O depoimento serve para ilustrar o terreno escorregadio que ronda o debate racial no Brasil. Falar disso nos é difícil. Acreditamos na democracia racial da mesma maneira que acreditamos ser o país do futuro. Mas um check-list à nossa volta basta para mostrar que os negros estão fazendo os trabalhos mais humildes, moram mais longe, são em menor número nas salas de aula. Contra todas as evidências, algo – tão indefinível quanto os olhares furtivos – insiste em dizer que "é", mas "não é bem assim".

O lugar desfavorável dos negros, em suma, não nos parece uma prova do racismo, como se uma coisa não estivesse ligada à outra. Esquizofrenia? De fato. A estrutura é segregacional, mas não eu e você. Daí a simpatia que suscitou o livro Não somos racistas, de Ali Kamel. Ou as contínuas referências ao estudo A cabeça do brasileiro, de outro sociólogo, Alberto Carlos Almeida, autor de uma controvertida quantificação que acenou haver mais discriminação contra pardos nascidos no Nordeste que contra os negros.
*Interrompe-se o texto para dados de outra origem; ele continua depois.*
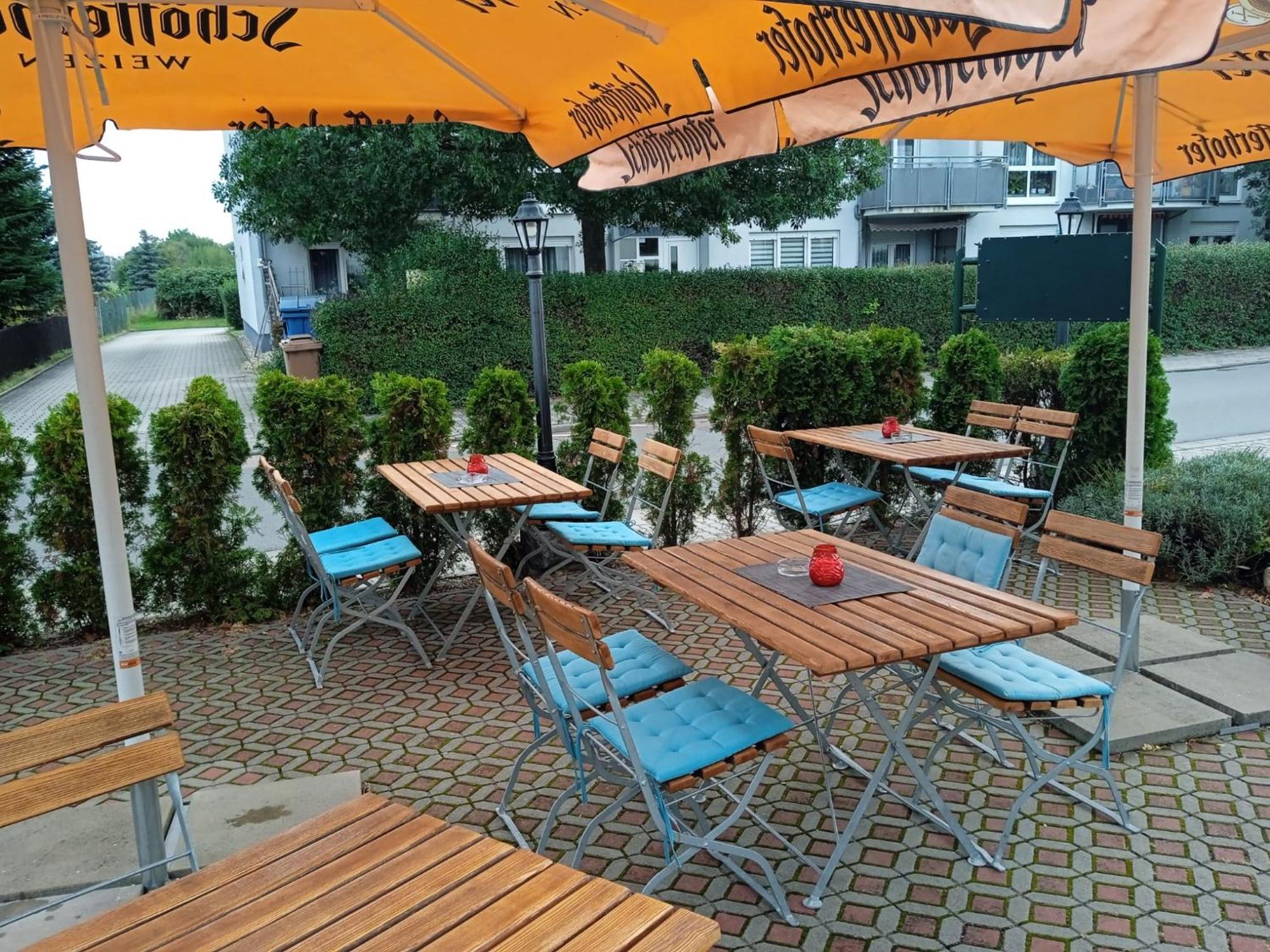 Check Inn Hotel Merseburg Exterior photo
Como de todo o resto no Brasil, o racismo não é assunto para ser tratado de forma amadora. Não dá para abraçar a ingênua defesa da nossa cordialidade, nem dá para ir aos extremos, reduzindo o Brasil a um país intolerante e fascista, dado a disfarces de delicadeza. Temos um racismo à nossa moda, e não há salvação sem esforço de entender esse labirinto de "olhos" que se cruzam por aí. Se não somos racistas, como diz Kamel, sabemos que existe racismo, como garantem os negros. E um racismo cheio de patas. Basta lembrar que no Brasil os negros "embranquecem" à medida que se mexem na pirâmide, indicando que nosso preconceito de classe é tanto quanto maior o preconceito de cor. Sofisticado e cruel assim.

Para quem acompanha o noticiário, a discussão voltou à baila. Eis que de repente o demodê brado de "macaco" foi entoado nos estádios do país, contra juízes de futebol e jogadores negros: Tinga, do Cruzeiro; o volante Arouca, do Santos; e o árbitro Márcio Chagas da Silva. A Gazeta do Povo do dia 10 contou outras histórias, como a do haitiano Stanley Joseph.

Pois que venha o debate público. Que sejam colocadas na mesa as condicionantes históricas – é desonesto ignorar as raízes deixadas pelo nosso passado escravocrata. Às estatísticas: à revelia das divisórias entre negros e pardos, somos, grosso modo, 55 milhões de pobres, 24 milhões de pobres extremos, os dois lugares ocupados majoritariamente por homens e mulheres de "pele escura", como se dizia. É nefasto – a desigualdade, já disse o pesquisador Ricardo Henriques, de tão brutal se tornou uma experiência natural, que de natural não tem nada.

Nessa conversa, que se leve em conta a cultura formada em torno da negritude. Não se trata de vitimização. Trata-se de conquista – deles. Desde a luta pelos direitos civis dos negros nos Estados Unidos, na década de 1960, afros de todo o mundo se puseram a mexer no vespeiro, alcançando mais respeito e janelas nas quais pudessem discursar. No Brasil não foi diferente. A pesquisa de Alberto Carlos Almeida, diga-se, mostrou que o negro é olhado também de forma mais respeitosa, apesar de todas as nuances desse relacionamento cheio de pequenos limites, cuja melhor tradução são os elevadores de serviço e as criadas vendo tevê com as patroas, mas sentadas numa cadeira. Parodiando Kamel, podemos não ser racistas, mas somos algo próximo disso.

Apesar de toda a sutileza que ronda a barbárie do racismo no Brasil, apesar da fragilidade legal, há menos tolerância com brutamontes deixando bananas no retrovisor de um juiz de futebol. A grita dos estádios, prontamente denunciada, nasce dessa indisposição em ficar quieto. O atacante Adílson, do XV de Piracicaba, um dos injuriados, admite essa mudança de postura. Os negros sempre foram humilhados nos estádios. Mas agora não vão mais aceitar isso. O momento é de ir à forra. Esse "agora chega" é rico, pois o país se vê diante da necessidade de enfrentar discussões raciais, nem que doa.